28 - letni Alvarez (51-1-2, 35 KO) jest mistrzem organizacji WBC i WBA w wadze średniej. Do niego należy też prestiżowy pas magazynu The Ring. Cztery lata starszy Jacobs (35-2, 29 KO) jest mistrzem IBF. Eksperci stawiają na Meksykanina, ale nie wykluczają, że urodzony w Nowym Jorku Jacobs może sprawić niespodziankę. Dwa lata  temu stoczył przecież bardzo wyrównany pojedynek z Giennadijem Gołowkinem. Jest wyższy od Alvareza, nieco szybszy, mocno bije, na zawołanie zmienia pozycję z normalnej na odwrotną. Ale Canelo mimo wszystko ma więcej atutów, a jego ogromne doświadczenie (13 lat na zawodowych ringach) będzie miało zapewne decydujące znaczenie. I ciosy na korpus, które Meksykanin zadaje po mistrzowsku.

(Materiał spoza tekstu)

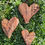 Thumbnail: Wooden Love Hearts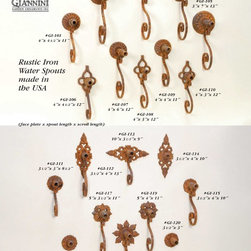 Water Spouts - Products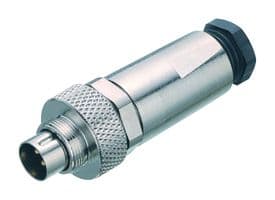 99-0413-10-05 - BINDER - 99-0413-10-05 - Circular Connector, Subminiature Circular Connector, 712 Series, Cable Mount Plug, 5 Contacts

Wszystko wskazuje, że będzie to znakomity pojedynek dwóch godnych siebie rywali, w którym górą powinien być Saul ”Canelo” Alvarez, najlepszy dziś pięściarz wagi średniej, jeden z najlepszych bez podziału na kategorie wagowe i bezdyskusyjny król pay per view, co też należy brać pod uwagę.

Gala z Las Vegas. Niedziela 3.00 Polsat Sport.